With a creamy smooth trumpet rising over the exotic beat and slightly moody sound, giving over to the close couple dance of flute and bass and followed by an ultra-cool sax solo, the Marcus Shelby Jazz Orchestra swung into the big band sound of Duke Ellington in the Oakland Opera Theater’s ebullient production of Queenie Pie, the jazz master’s only opera.
Ellington began the opera in the 1940s and worked on it off and on during his lifetime. Its one scheduled performance, on the Ed Sullivan Show in the late ’60s, was canceled. The Oakland Opera production references this history by staging the opera as a TV show, complete with commercial interruptions and a moderator/anchorwoman who narrates the action in hip-hop jingles written by Tommy Shepherd.
When Ellington died in 1974, he left behind an incomplete opera. Last year, OOT Assistant Musical Director Skye Atman tracked down what remained of the work, much of it still in Ellington’s handwritten scores. With the rights to the music secured, arranger Marc Bolin signed on to fill out the score.
According to Bolin, some 95 percent of the vocal line—lyrics and melodies—had been written, but only about 25 percent of the piano line. Bolin has managed to make a whole cloth out of threads, weaving a musical and theatrical work that is both re-creation of and homage to Ellington’s compositional style and to the African-American performers of the day. The orchestra members performing the work are superlative, filtering Ellington through their contemporary voicings and fashioning a vivid au courant sound.

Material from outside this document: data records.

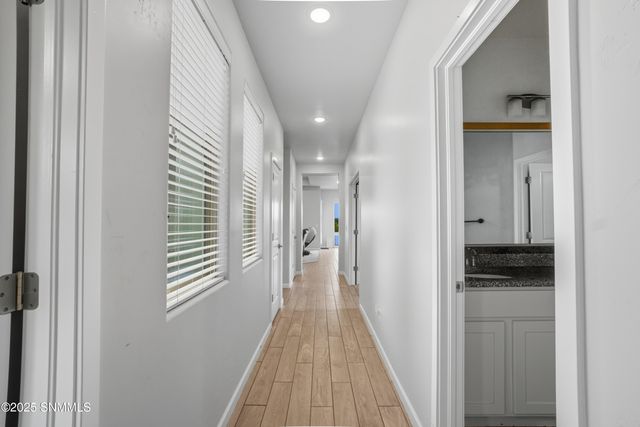 191 Plymouth Rock Road, Las Cruces, NM 88007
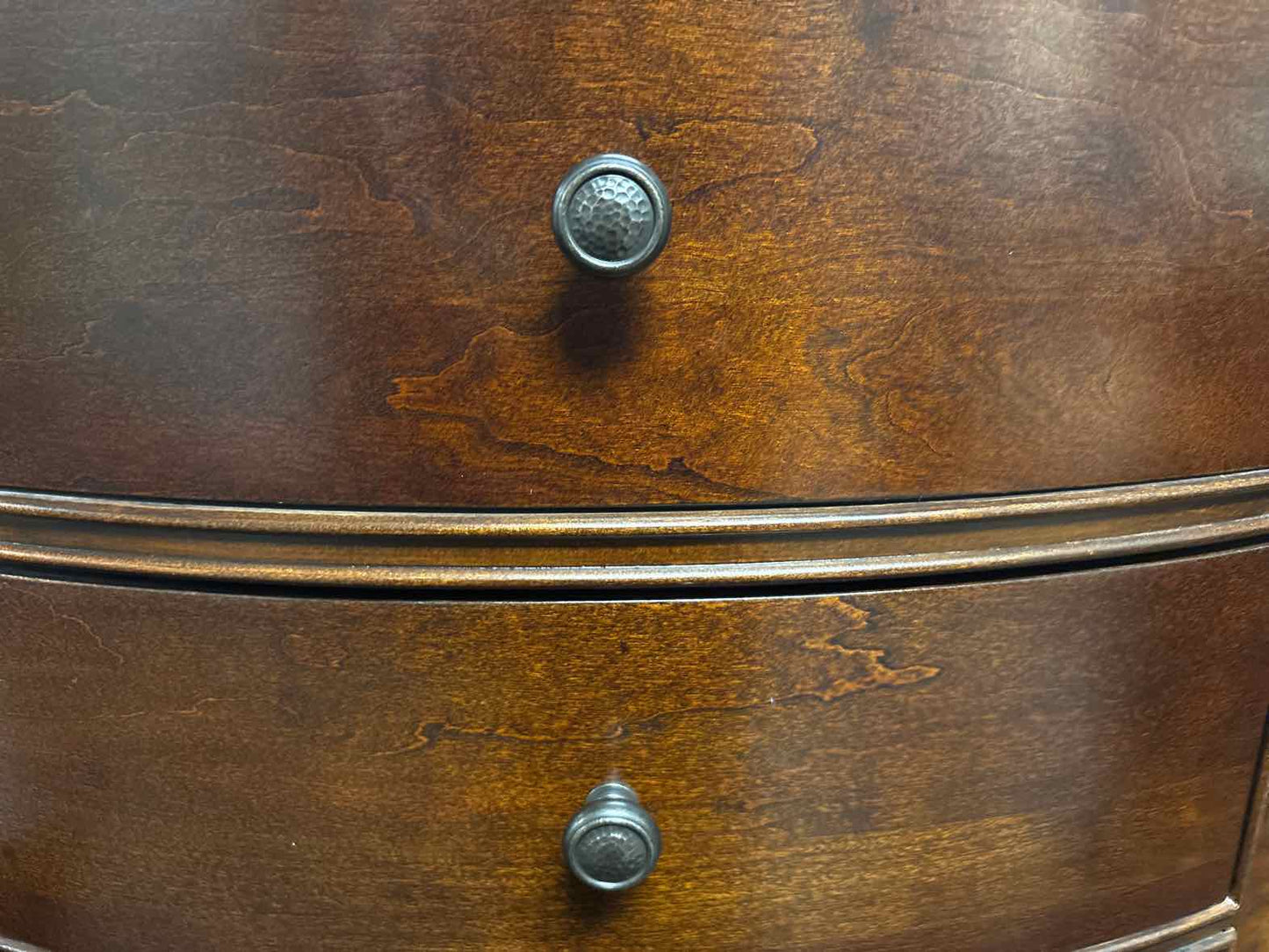 Universal Furniture 6-Drawer Lingerie Chest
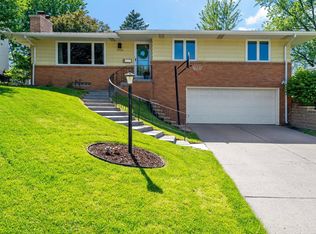 3324 Skycroft Dr, Saint Anthony, MN 55418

Dierdre McClure conducts the group with a splendid care and regard for the music and the musicians.
The story itself is wonderful fun: a tale that remains lighthearted while winding through one disaster after another, as the indomitable Queenie Pie scales the heights and depths of ambition and love.
As the opera opens, Queenie—based loosely on Madam C. J. Walker, the self-made African-American cosmetics millionaire—has been voted the “best” cosmetician in Harlem for the past ten years. But this year an aggressive and beautiful young Creole from Louisiana, Café Olay, has moved into Queenie’s territory, not only stealing her clients but also seducing the love of her life, the handsome Holt Fay.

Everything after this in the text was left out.